00:00Europe 1, il est 5h41 et votre invité ce matin, Jacques et André Léniel, maire d'Issoudun et premier vice-président de l'AMF, l'Association des maires de France.
00:08Bonjour André Léniel.
00:10Bonjour.
00:10Merci beaucoup d'avoir accepté notre invitation ce matin sur Europe 1.
00:14Ce matin s'ouvre le 107e congrès des maires, porte de Versailles à Paris.
00:20Alors 12 000 élus locaux sont attendus, dont plusieurs milliers de maires.
00:25Quel est l'état d'esprit des maires ce matin lorsqu'ils vont arriver à Paris ?
00:30L'état d'esprit va être combatif.
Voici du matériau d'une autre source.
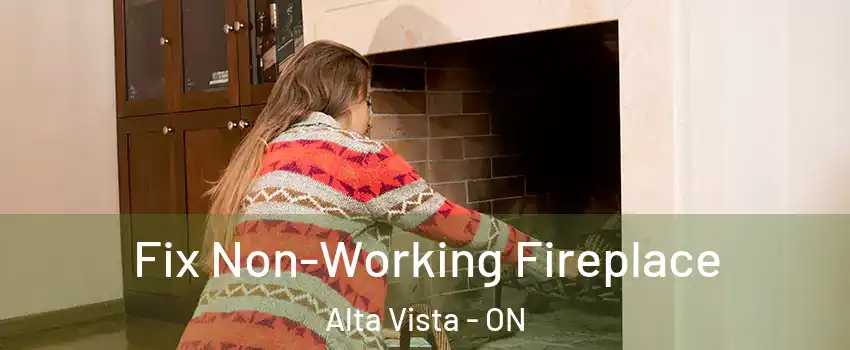  Fix Non-Working Fireplace Alta Vista - ON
Il va être combatif parce que malheureusement les communes ont des difficultés.
00:36Les maires sont en première ligne mais n'ont plus les moyens de répondre aux attentes de nos concitoyens.
00:42L'État est aux abonnés absents sur l'essentiel des dossiers.
00:47On nous pressure, on nous pressure juridiquement avec des normes qui s'accumulent.
00:53On nous pressure financièrement avec une véritable purge qui est de plus de 7,6 milliards sur les collectivités territoriales.
01:04Donc il y a à la fois de l'anxiété, de la colère et parfois aussi de la tristesse parce que nous voudrions pouvoir faire plus et mieux pour notre pays,
01:15pour chacune de nos communes et que nous nous sommes empêchés.
01:18C'est d'ailleurs pour ça que nous avons choisi comme titre de notre congrès un seul mot et qui est essentiel, liberté.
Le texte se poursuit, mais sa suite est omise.